Strife is Justice

When we think about nature, we often imagine balance, ecosystems in harmony, waves rising and falling with rhythm, the shore holding steady against the sea. But Steve Mentz reminds us that this vision of stability doesn’t hold up when we actually pay attention to a massive part of nature, the ocean. In A Poetics of Planetary Water, he borrows Adam Nicolson’s phrase, “strife is justice,” to describe how ecological systems thrive through tension, conflict, and constant change (Mentz, Poetics of Planetary Water, p. 151). The ocean teaches us that instability, not balance, is the true condition of life, and that lesson changes how we think about both ecology and ourselves.

We see this truth played out every day on the shoreline. The waves erase footprints as fast as they are made. Hurricanes reshape beaches in a matter of hours. The “justice” of the beach isn’t a peaceful balance, but an endless battle between land and water, constantly moving and never settled. As Mentz explains, Nicolson’s tide pools reveal a Heraclitean vision of the world: “Nothing is stable, and yet everything coheres” (Mentz, Poetics of Planetary Water, p. 151). In other words, order doesn’t emerge despite strife; it appears through it.

This idea challenges the comforting “green” ecological ideal of sustainability, where everything is in harmony. Instead, the ocean tells a harsher but more honest story. Systems survive by adapting to disruption. Coherence comes only in temporary, fragile forms, like sandbars that will one day be washed away.

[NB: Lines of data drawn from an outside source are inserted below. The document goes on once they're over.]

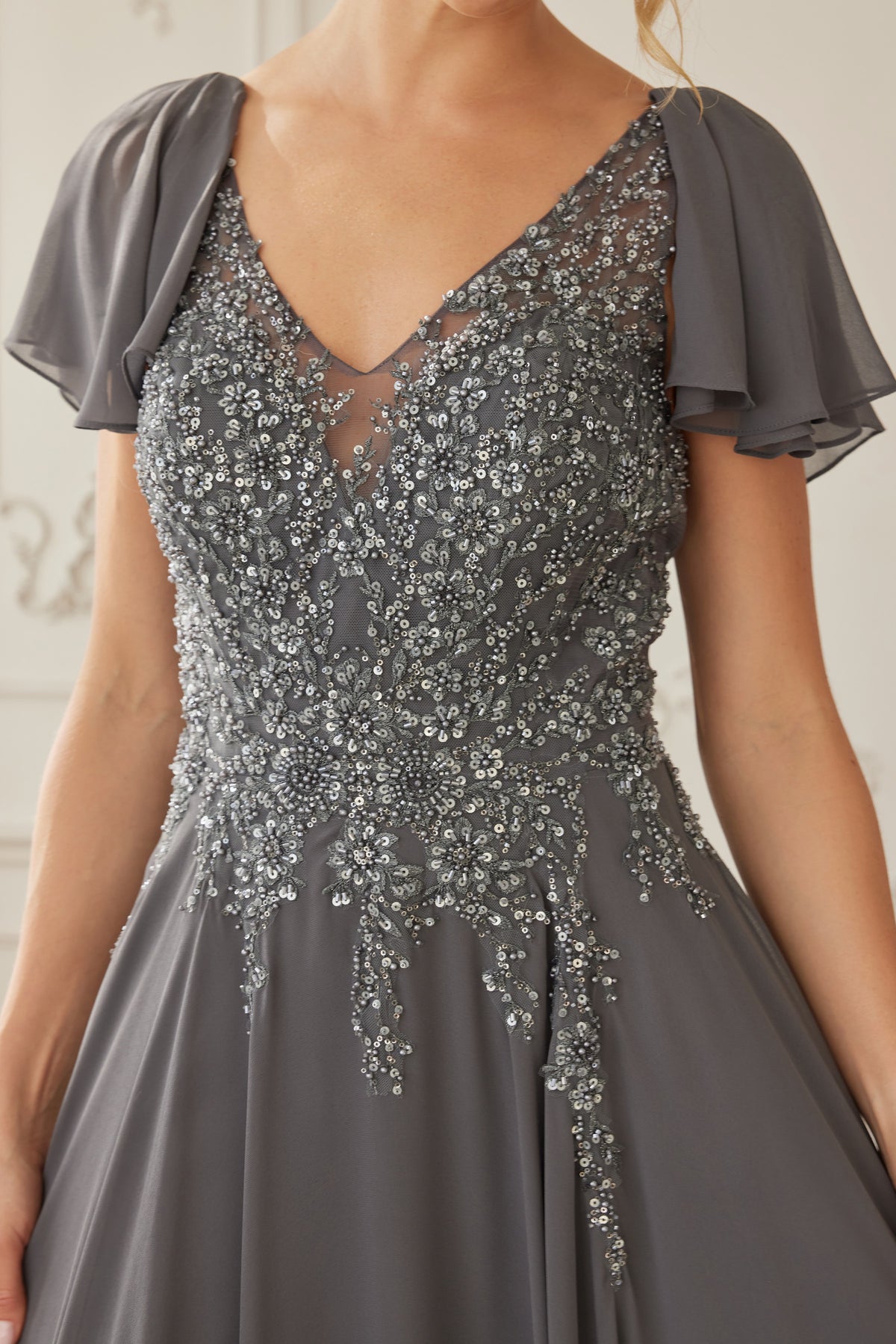 Noeline evening dress in Charcoal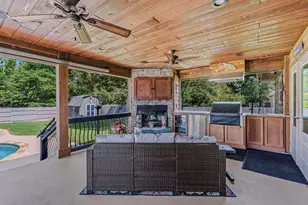2125 Vizcaya Dr, Navarre, FL 32566 - Photo 44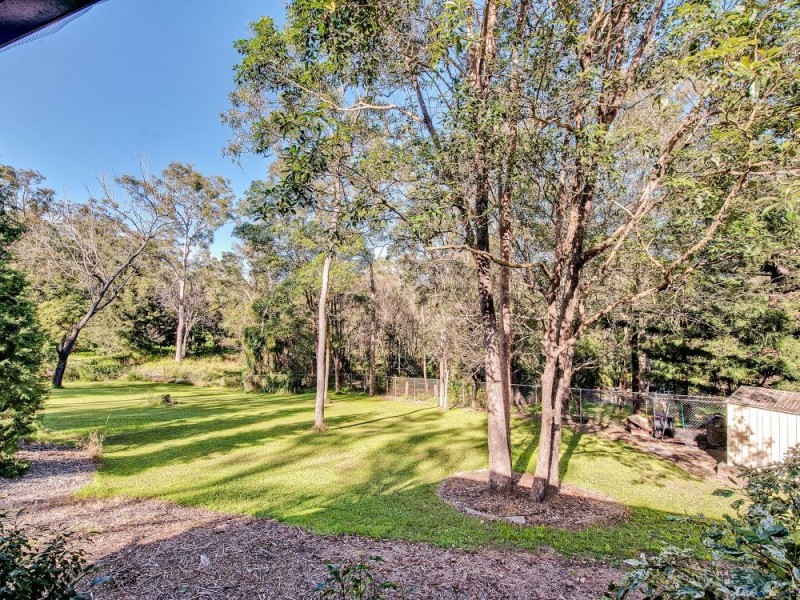 10 Hallett Avenue, Camira QLD 4300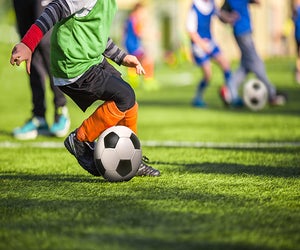Find soccer lessons and more classes for kids near Orlando!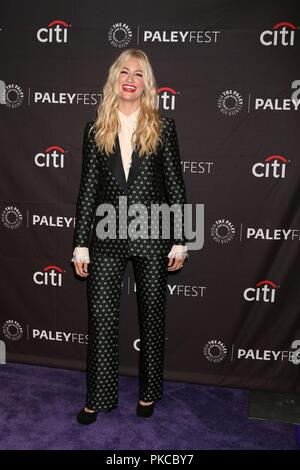 Beverly Hills, USA. 12 Sep, 2018. Beth Behrs in der Ankunftshalle für CBS präsentiert die Nachbarschaft und glücklich zusammen auf der 12. jährlichen PaleyFest Fallen TV Previews, Paley Center für Medien, Beverly Hills, CA 12. September 2018. Credit: Priscilla Grant/Everett Collection/Alamy leben Nachrichten Stockfoto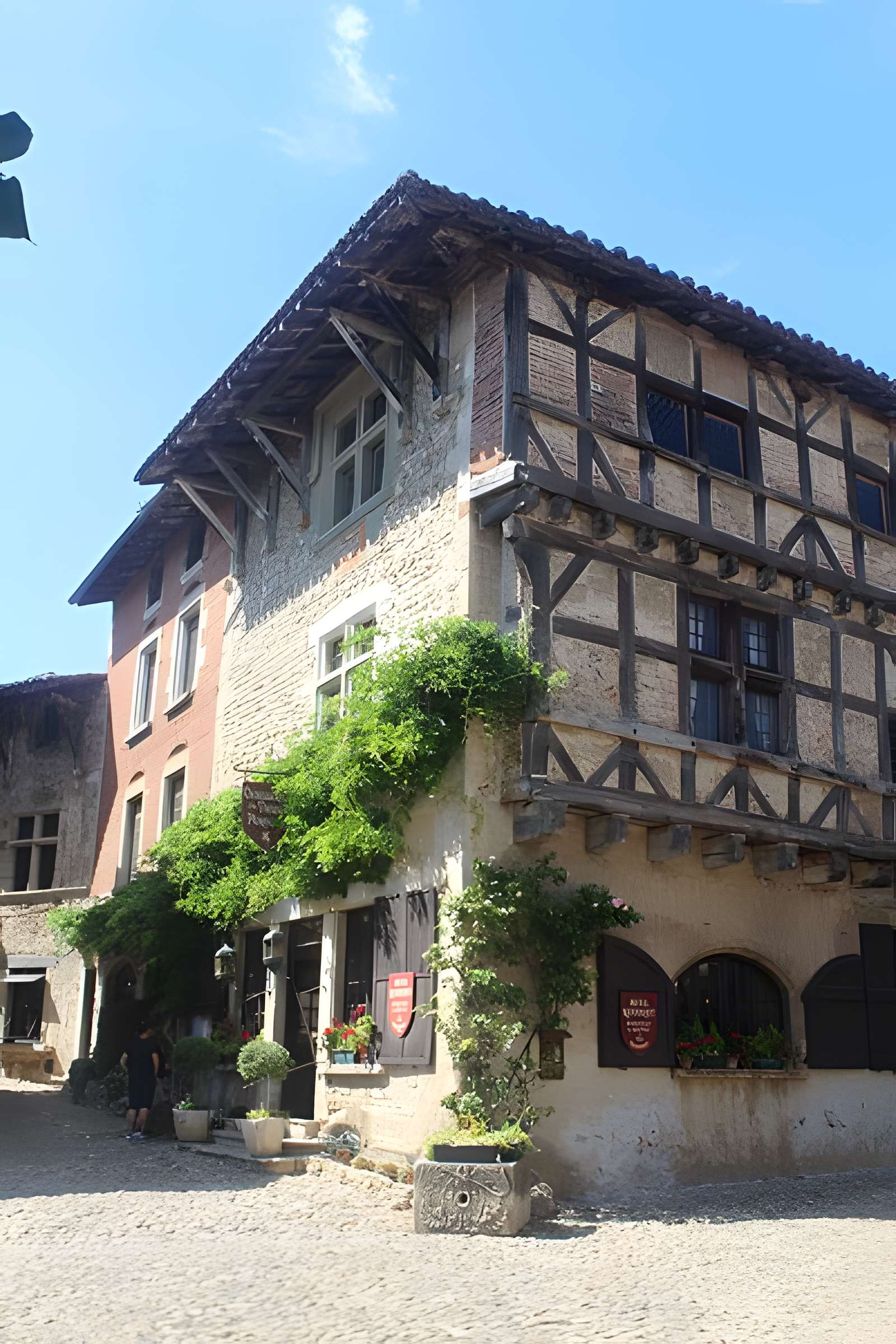 Hostellerie du Vieux Pérouges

That vision can be unsettling, but it’s also liberating. If strife is justice, then change isn’t failure; it’s the rule of life. The ocean doesn’t offer us peace or permanence. It offers us dynamism. To live with water is to accept instability as our ground, or better yet, our current. And maybe the most human thing we can do is learn how to float.

3 thoughts on “Strife is Justice

  1. Great post, as you ground your interpretation and argument in the text. You write, “This idea challenges the comforting “green” ecological ideal of sustainability, where everything is in harmony. Instead, the ocean tells a harsher but more honest story. Systems survive by adapting to disruption. Coherence comes only in temporary, fragile forms, like sandbars that will one day be washed away.” This is the kernel of a larger essay/discovery, which I hope you will continue to explore. Good work!

  2. Hi Omar, you had so many amazing points! Something that stuck out to me was ‘change isn’t failure’. Part of our society is valuing permanence/believing in it. When some things in our lives become unstable it is easy to turn the narrative onto ourselves, that we caused it to happen by some fault of our own & that it is unnatural. Looking to the ocean and seeing instability in its most natural form definitely serves as a way to rethink and re-approach our own lives, not as a failure when things change, but as natural. Thank you for sharing!

  3. Hola Omar, I have to say that was beautifully written and well said. You have these punctual statements in your paragraphs that really pack a punch and allow the reader to pause and think. It’s a true gift, and it’s done in such an organic and humanizing way that it doesn’t come off as preachy or pretentious. You really said it best, “all we can do is learn how to float.” Put, if the world is ever changing, then so shall we and our ways of thinking and embracing that change, even if failure is looming in the back of one’s mind. Just like Mentz’s version of the open ocean, we should be the unwavering vessel that’s there to explore wherever the sea may take us. Great post!